ECLI:NL:RBSGR:2001:AD7568
Rechtbank 's-Gravenhage
- Eerste aanleg - enkelvoudig
- M. van Paridon
- N. Hobby
- Rechtspraak.nl
Rechtmatigheid van staandehouding en bewaring van vreemdeling op haventerrein
In deze zaak heeft de rechtbank 's-Gravenhage op 9 augustus 2001 uitspraak gedaan in een beroep tegen de vrijheidsontnemende maatregel van de vreemdeling, een Pakistaan, die in bewaring was gesteld. De vreemdeling was op 22 juli 2001 staande gehouden door de politie op een haventerrein, waar hij zich zonder geldige documenten bevond. De rechtbank oordeelde dat de staandehouding en de daaropvolgende bewaring rechtmatig waren. De rechtbank verwees naar recente jurisprudentie van de Raad van State en concludeerde dat er voldoende feiten en omstandigheden waren die een redelijk vermoeden van illegaal verblijf rechtvaardigden. De rechtbank benadrukte dat de verbalisant op grond van artikel 50, eerste lid, van de Vreemdelingenwet 2000 bevoegd was om de vreemdeling staande te houden ter vaststelling van zijn identiteit en verblijfsrechtelijke positie. De rechtbank verwierp de argumenten van de vreemdeling dat de aanhouding onrechtmatig was, omdat de politie onvoldoende had geconcretiseerd welke politietaken waren uitgevoerd en op welke gronden het vermoeden van illegaal verblijf was gebaseerd.
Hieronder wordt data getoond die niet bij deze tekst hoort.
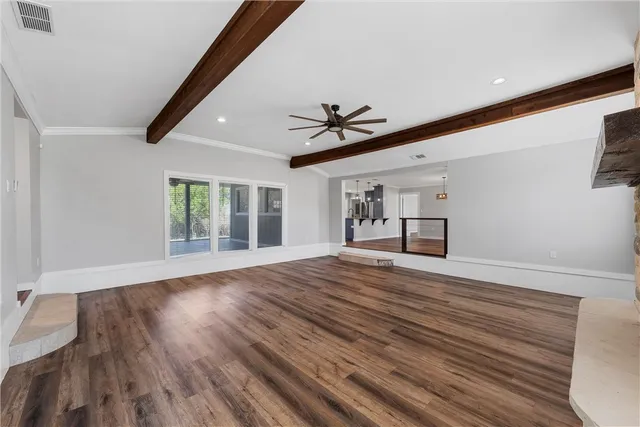 $475,000 | 300 Baker Lane, Robinson, TX 76706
De rechtbank oordeelde dat de tekortkomingen in het proces-verbaal van staandehouding niet leidden tot de conclusie dat de staandehouding onrechtmatig was. De rechtbank verklaarde het beroep ongegrond en wees het verzoek om schadevergoeding af. Tegen deze uitspraak staat hoger beroep open bij de Raad van State.